After his meeting, Clark optimistically claimed: ‘I was reassured by GM’s intention, communicated to me, to build on the success of these operations rather than rationalise them.’ Unite’s general secretary, Len McCluskey, however emerged from separate talks with the employers pointing out that any guarantees issued by GM were meaningless as they would not be binding on the new French owners and that the union had received ‘no assurances’ about jobs or the future of the two UK plants.
The question that the 4,500 Vauxhall workers, plus the thirty thousand more whose jobs rely on these plants, will want answered is just what Unite intends to do to protect their jobs. The answer given by McCluskey is absolutely nothing, apart from appealing to the Tory government to help.
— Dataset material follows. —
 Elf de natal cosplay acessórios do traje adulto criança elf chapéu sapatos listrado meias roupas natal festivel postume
He said the government should make clear that it would not ‘accept a single job loss in Britain’, adding that it must secure meetings with French and German government officials or risk being ‘left on the sidelines. The French government own a considerable stake in Peugeot, and one thing’s clear, they will be arguing and fighting for French jobs.’
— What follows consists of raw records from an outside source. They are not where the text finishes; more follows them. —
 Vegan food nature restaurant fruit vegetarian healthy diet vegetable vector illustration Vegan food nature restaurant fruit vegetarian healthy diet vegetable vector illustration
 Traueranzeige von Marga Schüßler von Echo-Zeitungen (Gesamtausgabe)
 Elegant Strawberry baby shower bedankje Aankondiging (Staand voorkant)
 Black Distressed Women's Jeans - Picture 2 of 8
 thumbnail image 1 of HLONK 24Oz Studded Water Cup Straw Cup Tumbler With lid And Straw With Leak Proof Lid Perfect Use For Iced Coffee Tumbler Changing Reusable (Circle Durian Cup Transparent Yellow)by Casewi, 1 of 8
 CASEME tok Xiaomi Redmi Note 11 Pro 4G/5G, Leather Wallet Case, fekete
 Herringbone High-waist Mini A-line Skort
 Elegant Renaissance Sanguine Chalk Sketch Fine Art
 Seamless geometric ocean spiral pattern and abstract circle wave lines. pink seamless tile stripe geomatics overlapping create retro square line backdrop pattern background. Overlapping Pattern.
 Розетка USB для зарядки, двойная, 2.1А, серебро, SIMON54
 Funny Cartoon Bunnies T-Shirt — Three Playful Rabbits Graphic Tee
Car workers, and especially Vauxhall workers, have a long and bitter history of trade union betrayals. In 2001, the car plant in Luton was closed with the secret agreement of the leadership of the TGWU (forerunner of Unite) with the loss of thousands of jobs from a profitable plant.
The same treachery emerged when, following the complete bankruptcy of GM, saved by having their huge debts nationalised by the Obama administration in 2009, it threatened to close Ellesmere Port. Rather than fight this closure, the union forced through a scab deal of wage cuts and a raid on the workers’ pension fund involving a two-year pay freeze, followed by years where wage rises were capped at 1%, while inferior pensions were introduced for the workforce.
Workers at Ellesmere Port also had to accept speed-up and cuts to holiday entitlement to bail GM out, while the company received over £270 million in grants from the taxpayer. All these deals – none of which guaranteed any long-term future for car production above a couple of years – were negotiated and pushed through by the union leadership which claimed that the only way to save jobs was by accepting cuts and redundancies.
Having milked the workforce and taxpayer dry, GM is cutting out, flogging Vauxhall and Opel to PSA who will undoubtedly close the factories, having stripped them of their assets and taken over their valuable outlet facilities. The lessons of these bitter betrayals are clear: no job can be ‘saved’ by conceding pay and conditions to an employer. Likewise, appeals to the Tories to somehow negotiate keeping jobs are a useless and dangerous diversion.
Car workers in Britain and across Europe have been living under the constant threat to their jobs from an industry that has been driven to its knees by the capitalist crisis and which can only survive by dumping this crisis on the backs of the working class.
The only way to respond to this threat is to occupy all Vauxhall plants immediately as part of a mass campaign to nationalise the car industry under the control of the working class.
Workers must demand that occupations be supported by forcing the TUC to call a general strike to bring down the Tories and go forward to a workers government that will carry out a programme of nationalisation of all industry and the banks as part of a planned socialist economy.